# Tri tronics Sport 65BPR G2 or Older Sport 65BPR



## gjw (Jul 31, 2006)

Hi everybody! I'm new to this forum and I'm glad to be part of it. By way of introduction I live in St Anthony (So. of Mandan) and I have a very good GSP (Duchess). Enough about me. I just want to ask any of you a couple of questions on the above collar. Here goes:

What is your opinion of this collar?

How does it stack up against other brands?

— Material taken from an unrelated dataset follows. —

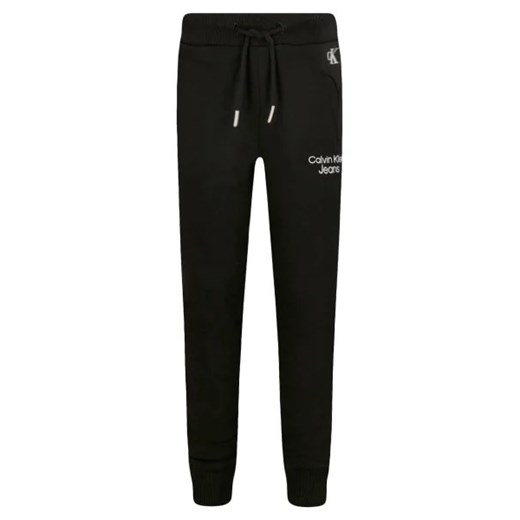 CALVIN KLEIN JEANS Spodnie dresowe | Regular Fit ze sklepu Gomez Fashion Store w kategorii Spodnie chłopięce - zdjęcie 172979992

What are its pros and cons?

Would you recommend this collar?

Any general info you have. Thanks for looking. Glad to be here and you'll be hearing from me again!

Thanks and God Bless!!!!

Greg


----------



## taddy1340 (Dec 10, 2004)

Welcome Greg!

Sorry, but I don't have enough experience with beeper collars...

Mike


----------



## khehr (Apr 23, 2006)

hey greg

i have one i use on my setter i like it works good going on third yr and still works fine good luck


----------



## 1fastskeeter (Mar 10, 2005)

I bought my sport 65bpr last year and really like it. Having the button to turn the beeper off from the remote is a huge benefit. I have hunted with other who have to call the dog back and manually shut it off. I also like the 1/2 setting, that is usually all my shorthair needs. Again no problems with mine. The only thing I am not sure of is if the beeper would get wet from swimming. The say the reciever is waterproof but nothing about the beeper.

good luck


----------



## theplain (Aug 6, 2006)

I have a BPR65 that I have used occasionally. It is in excellent shape and worked well for me when used. I want to sell this collar. I am going to purchase a 2 dog T & B Dogtra. Let me know if you are interested.


----------